Caption-style text data
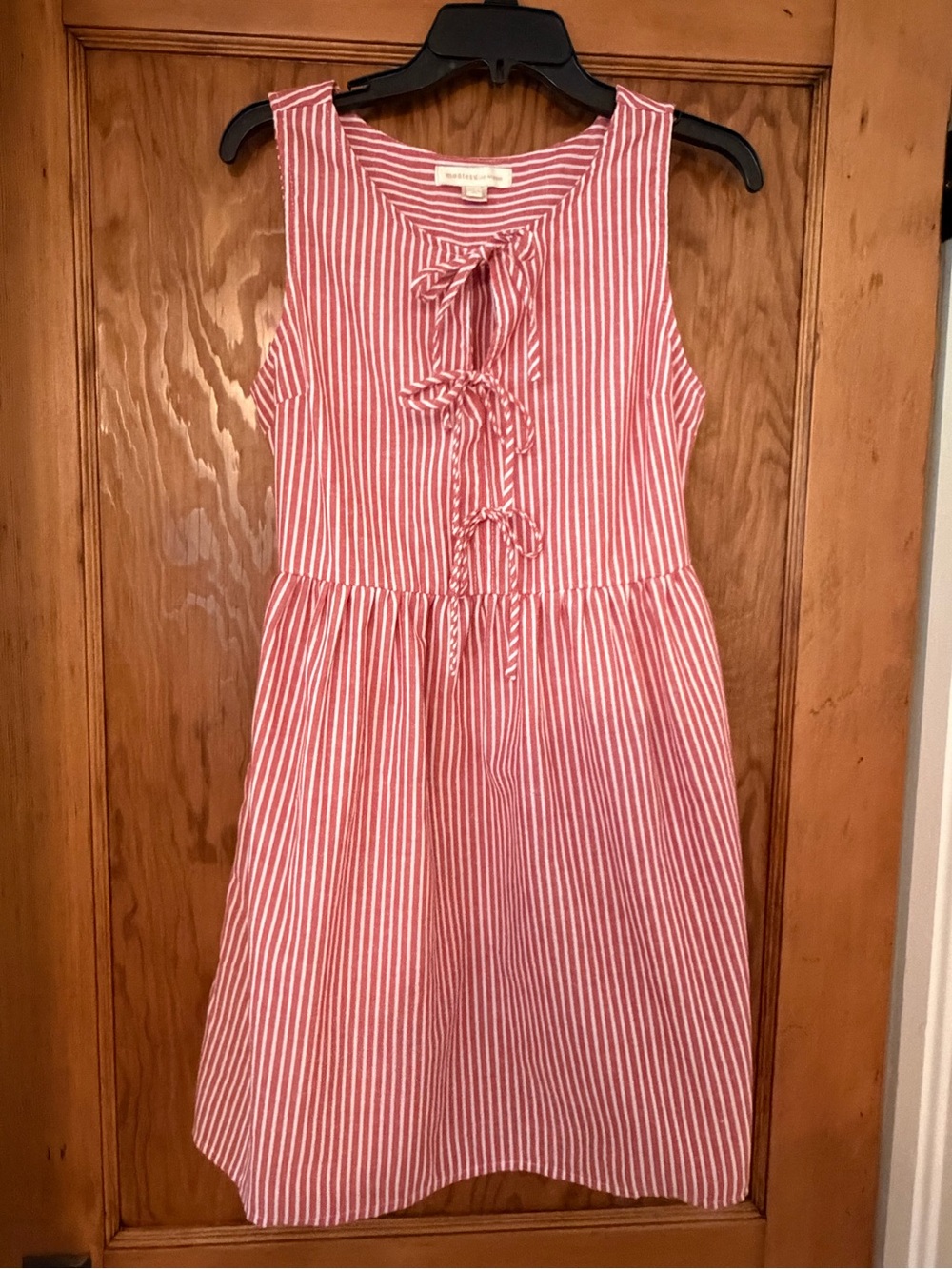 Red & White Tie-Front Sundress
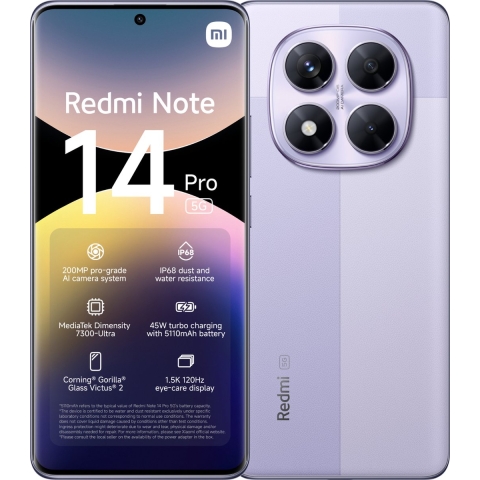 Xiaomi Redmi Note 14 Pro -5g - 256gb Lavender Paars 256 Gb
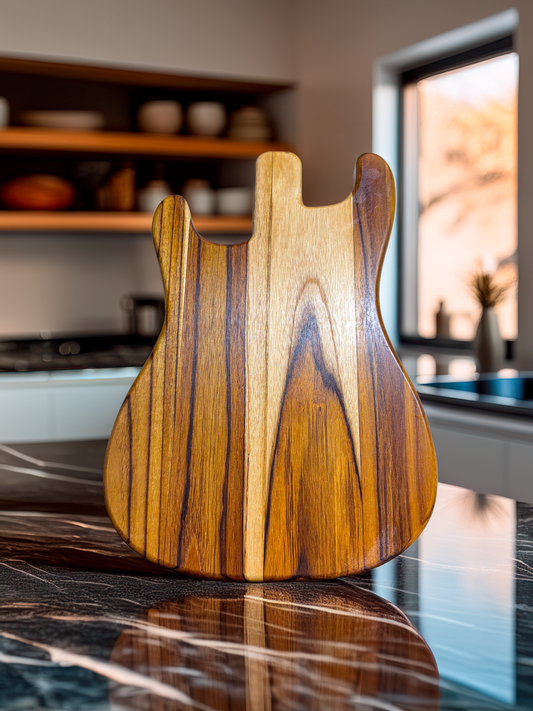 Personalized Teak Guitar Tray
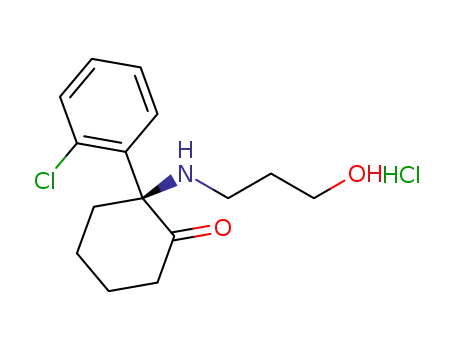 (S)-2-(2-chlorophenyl)-2-(3-hydroxypropylamino)cyclohexanone hydrochloride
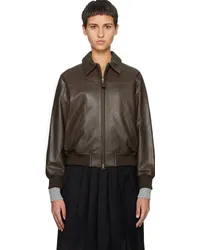 Nothing Written Brown Martino Leather Jacket Dark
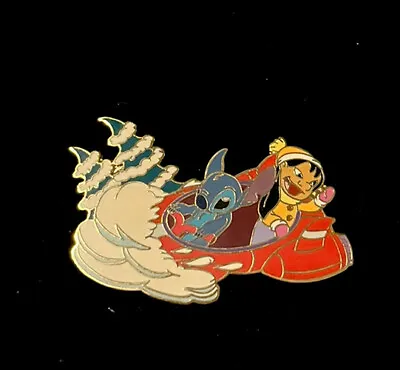 Disney Pin Stitch & Lilo In The Snow LE 250 NOC • $99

_Task details_: Write out exactly and only the lines that run from the start of the data above through the line containing "Nothing Written Brown", leaving the pictures out.

_Exercise output_:
 Red & White Tie-Front Sundress
 Xiaomi Redmi Note 14 Pro -5g - 256gb Lavender Paars 256 Gb
 Personalized Teak Guitar Tray
 (S)-2-(2-chlorophenyl)-2-(3-hydroxypropylamino)cyclohexanone hydrochloride
 Nothing Written Brown Martino Leather Jacket Dark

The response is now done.